Risk Prediction Model for Advanced Colorectal Neoplasia May Aid in Selection of Screening Options

colon cancer
colon cancer, CRC, colorectal neoplasia
Knowing risk for advanced colorectal neoplasia (AN) could help patients and providers choose among screening tests, researchers created a risk prediction model for AN to help decide which test might be selected.

A risk prediction model based on sociodemographic, physical, and lifestyle features may accurately estimate the risk for advanced colorectal neoplasia (AN) with high discrimination in persons at average risk, researchers reported in Gut.

The study authors recruited persons with an average risk of AN (aged 50 to 80 years) who were undergoing their first colonoscopy screening. All participants completed a mailed survey regarding sociodemographic features, family history, personal medical history, lifestyle habits, and medication use and were asked to measure and record their height, weight, and waist and hip circumferences. Prior to the colonoscopy, nursing personnel recorded the 4 physical measures, which were used preferentially in the analysis.

The investigators created a risk equation for two-thirds of participants (the derivation set) and assigned points to each variable to create a risk score; the remaining one-third of participants were the validation set.

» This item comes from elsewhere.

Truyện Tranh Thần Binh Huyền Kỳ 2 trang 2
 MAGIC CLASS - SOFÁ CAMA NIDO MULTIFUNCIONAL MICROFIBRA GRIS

Demographic and clinical variables of the derivation (n = 3025; mean age 57.3 ± 6.5 years; 52% women; 94% white) and validation (n = 1475; mean age 57.2 ± 7.0 years; 52% women; 94% white) subgroups were comparable.

In the derivation set, the AN prevalence was 9.4%. The multivariable model yielded 3 risk groups, with AN risks of 1.5% (95% CI, 0.72-2.74) in the low-risk group, 7.06% (CI, 5.89-8.38) in the intermediate-risk group, and 27.26% (CI, 23.47-31.30) in the high-risk group (P < .001), including 23%, 59%, and 18% of participants, respectively. A total of 10 low-risk participants had AN, none had colorectal cancer, and 6 of 10 low-risk participants with AN had a distal location. Based on finding a distal polyp, a screening sigmoidoscopy followed by colonoscopy to examine the proximal colon would have detected 7 (70%) of these advanced polyps.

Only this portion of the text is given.